Carborundum has obtained a copy of the oddest script of the year: Telepingues et Vir Vespertilioni, as performed by the GCSE Latin group at Lewes Priory comprehensive in sunny Sussex for would-be new bugs looking round with their parents.

Goodness knows what the impressionable visitors made of the playlet: Teletubbies And Batman is something you don’t see every day (probably just as well: the BBC is rather hot on the copyright of its current pre-school cult) and that it exists at all is a compliment to the fertile mind of Richard Burrows, head of humanities at Lewes.

Concerned that the rudimentary language skills of Tinky Winky and the gang may rot small minds? Try running through the script in Latin (certain pre-pre prep schools will be wonderfully impressed) and the whole thing sounds much better. Tempus telepinguibus, as they say.

Anyway, back to the Lewes script, which has Gotham City overrun by the four fat little Tubbies. Robin is aghast. “Sancta monstra foeda, Vir Vesperilionis! Quid facere possunt?” (“Holy weird furry monsters, Batman. What can they do?”) “Malus est, Robinus,” replies Batman. “Mentes liberorum occupant.” (“It’s bad, Robin. They take over children’s minds.”) “Sanctae mentes liberorum!” exclaims Robin. What, you want Carborundum to translate? OK then: “Holy children’s minds!” A bit of tomfoolery ensues, with Batman (Vir Vesperilionis) falling for the Tubbies because they are so loveable, only to be attacked by Tinky Winky. “Eum cum sacco pulso!” (“I bash him with handbag.”) In what is probably a first, the Caped Crusader and the Boy Wonder are forced to retreat, overpowered by the superior might of Po and co. “Veni, Robinus. Volvi ad cavernam vespertilioniem.”

And that, Carborundum thinks, is more than enough Teletubbies. Or, to quote from the script: “Tempus telepinguibus vale vale.”

The shock of the “new” swept into another corner of the education world this week. Staff at the Further Education Development Agency (FEDA to its friends) are forging a new image by trading their Olde Worlde sites in the Mendip Hills outside Bristol for a spanking new high-tech London headquarters.

Confidential memos circulating around the quango’s numerous outposts now talk bravely of NEW FEDA - part of a hearts and mind campaign to woo cynical college principals who would rather divvy OLD FEDA’s budget up between them and be done with it.

New Whatever worked for Tony Blair, of course. But FEDA’s chief executive Stephen Crowne (an avid fan of 60s rock idols The Grateful Dead) will remember the slightly less successful New Avengers and New Seekers.

However, as fans of Joanna Lumley and Gareth Hunt know, “new” is something that will surely get “old” with time.

So whatever will come next? Perhaps the cue will come from the Coca Cola Company - New Labour, Classic Labour and Diet Labour perhaps. Surely Cherry Labour is only just round the corner.

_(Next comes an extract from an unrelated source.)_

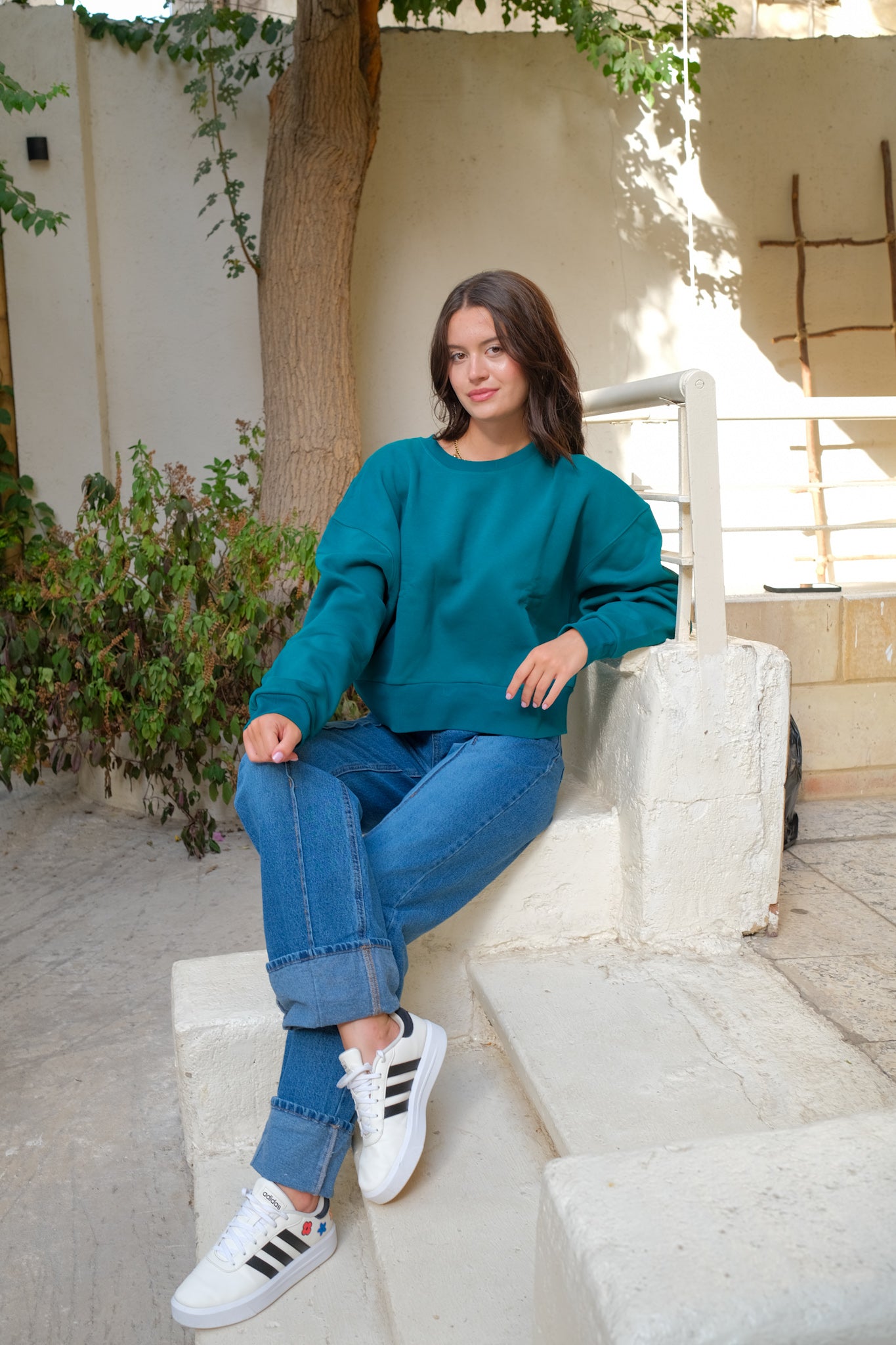 Cropped Sweatshirts - Teal Green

Still, it’s as near to having fun as FEDA will get this Christmas. As befits an organisation with its headquarters in the heart of London’s West End, FEDA’s Christmas lunch will be in Vauxhall on the ever-so-seedy south side of the Thames. Gloomy staff grumblethat they are only going to get two glasses of wine - and will haveto be back at work by 2.30. Bah, humbug.

And on the subject (well, sort of) of New Labour, Carborundum was fascinated by the acres of space devoted to the subject of Mr Blair’s new hairdo. A Caesar, the Daily Mail called it. “Out was his former frizz-prone cut which always seemed to waver between the bouffant and the windswept. In came this shorter, flatter, decidedly trendier style favoured by the likes of the actor George Clooney and (in his seagull phase) Eric Cantona.” Other famous Caesar-wearers, according to the breathless prose, are Paul Gascoigne, Gary Lineker and Noel Gallagher.

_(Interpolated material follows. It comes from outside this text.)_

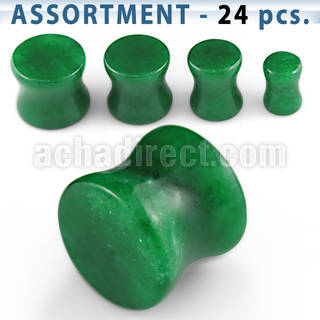 blk273 surtido piercings 24 dilataciones plug doble flare jade 4mm 12mm mayorista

Why is Carborundum so interested in the Blair hair? Well, for the simple reason that the most notable wearer of the Caesar in educational circles is The Man Who Inspects Schools For The Queen, dashing Mr Chris Woodhead. Let us finish with the Mail’s verdict: “In crimper-speak, we are told, the Caesar is young, exciting, slightly aggressive. It apparently says: ‘This is me, this is my hair, take me as I am!’” Gosh. So that’s what he’s been saying all this time.